Skilled and unskilled labour are perfectly mobile across sectors within each region in the standard version. Labour supply is fixed exogenously and increase with respect to baseline (Outdated) specifications. Labour is not mobile across regions.

Dual labour market is used for unskilled labour only in order to represent rigidity in labour transfer from rural areas to urban areas.

Developing countries with Lewis assumption

Developing countries are considered as hardly segmented economies, with an urban labour market that is distinct from a “traditional” market in rural areas (W Arthur Lewis, 1954) (John R Harris, Michael P Todaro, 1970). This approach is limited to unskilled labour. The modern sector (industry and services) pays an efficiency wage to unskilled workers. This wage is independent from labour supply and is indexed on price inflation. The primary sector (i.e. agriculture), by contrast, relies on a fixed quantity of labour that is paid at its marginal productivity.

This assumption derives from the high level of underemployment observed in rural areas of many developing countries. That situation allows rural workers to answer to any labour demand in the formal urban sector, while being replaced at their position in the agricultural sector. The choice of the “Lewis” option has therefore to be made only when it is considered as appropriate. This is the case for instance for countries like China or Vietnam, as well as for many African countries. This mechanism however does not correspond to all developing countries: for instance Latin American countries are characterised by rather modern agricultural sectors that do not fit with this description.

$$ \begin{align} P^{L^{notAgri}}_{r,t} &= P^{L^{notAgri}}_{r,t,Ref} \prod_i\left(\frac{P^C_{i,r,t}}{P^C_{i,r,{Ref}}}\right)^{\frac{P^C_{i,r,{t_0}}C_{i,r,{t_0}}}{\sum\limits _j P^C_{j,r,{t_0}}C_{j,r,{t_0}}}}\\ L^{Agri}_{r,t}&=L^{Agri}_{r,t,Ref} \end{align} $$

where $L^{notAgri}_{r,t,Ref}$ and $L^{Agri}_{r,t,Ref}$ are the baseline “Ref” labour supply exogenously calculated from migration flows in FAO data.

$P^{L^{notAgri}}_{r,t,Ref}$ is computed endogenously from $L^{notAgri}_{r,t,Ref}$ in the baseline.

The transfer from the rural to the urban sector implies an increase of the labour remuneration. In this option, wages are thus not calibrated to unity any longer. On the contrary we rely on GTAP data and FAO statistics to compute the relative wages ratio.

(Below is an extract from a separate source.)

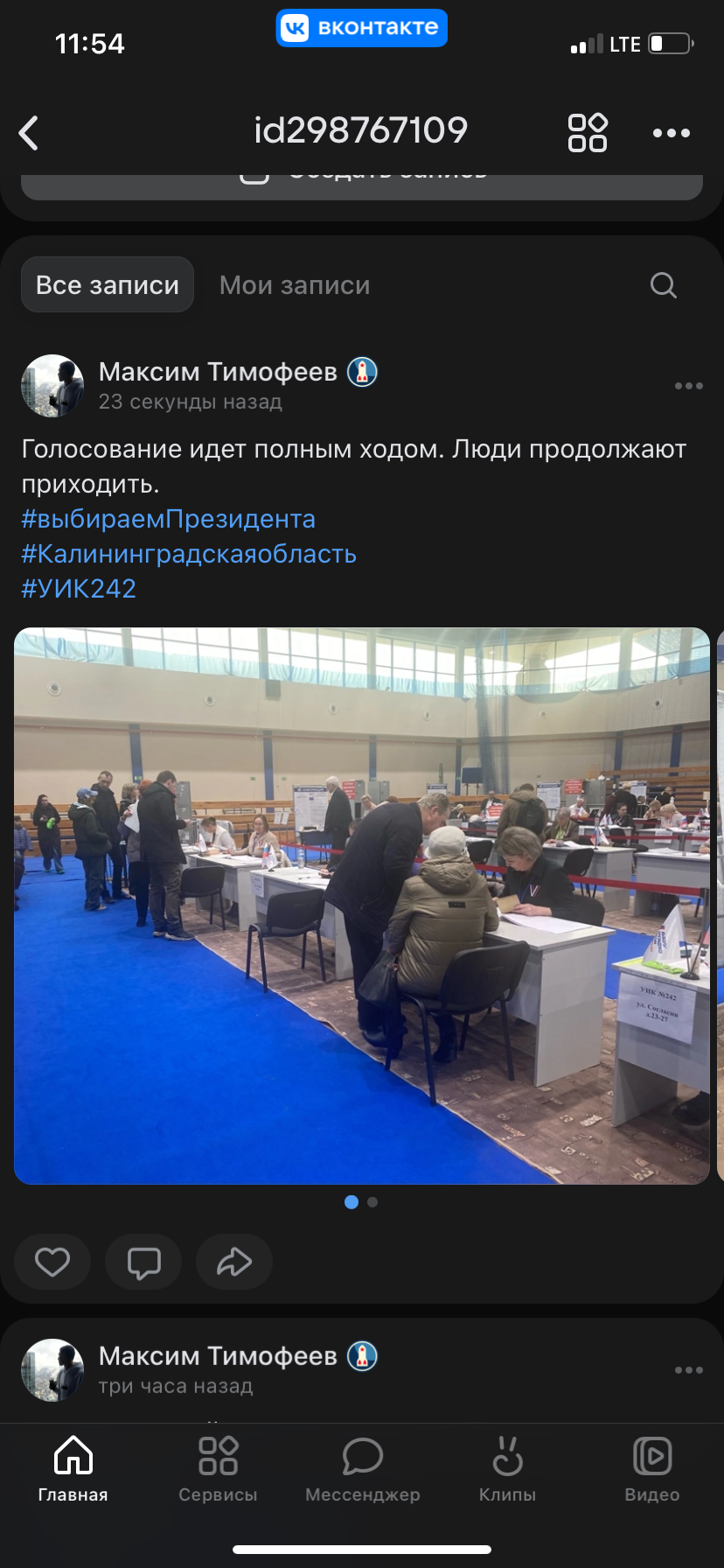 Сообщение наблюдателя — УИК №242, Калининградская область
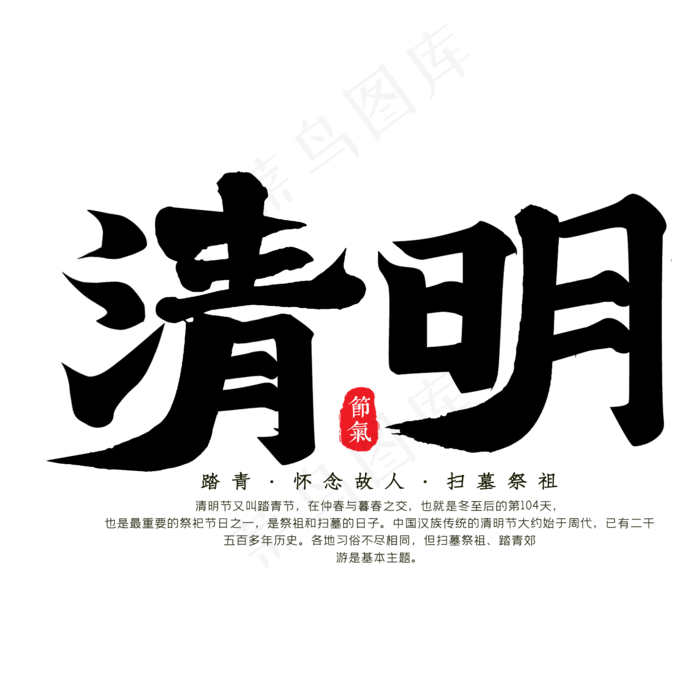 清明黑色毛笔艺术字(2000X2000(DPI:300))psd模版下载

Migration from rural to urban regions in the baseline scenario is also quantified based on the FAO projections.

This specification provides a simple way to account for a hidden unemployment in developing countries, and to depart from the standard assumption of exogenous unemployment levels used in most CGE models.

Activation of the Lewis option

Regions following the Lewis specification are those belonging to the subset Lewis®, in the data.gms file. In practice, this subset is automatically created if the user fills out column 'Dual labour market' of the sheet 'Regions', in the Aggregation file (Outdated), while rural sectors have to be designated in the column 'Labour type 1' of the sheet 'Sectors'.

It is also possible in an optional version to run perfect labour markets across groups of countries.

See section Mobile labour and capital in integration zone

1. ^ W Arthur Lewis, 1954. Economic development with unlimited supplies of labour. The manchester school, 22, Wiley Online Library, pp.139–191.
2. ^ John R Harris, Michael P Todaro, 1970. Migration, unemployment and development: a two-sector analysis. The American economic review, 60, JSTOR, pp.126–142.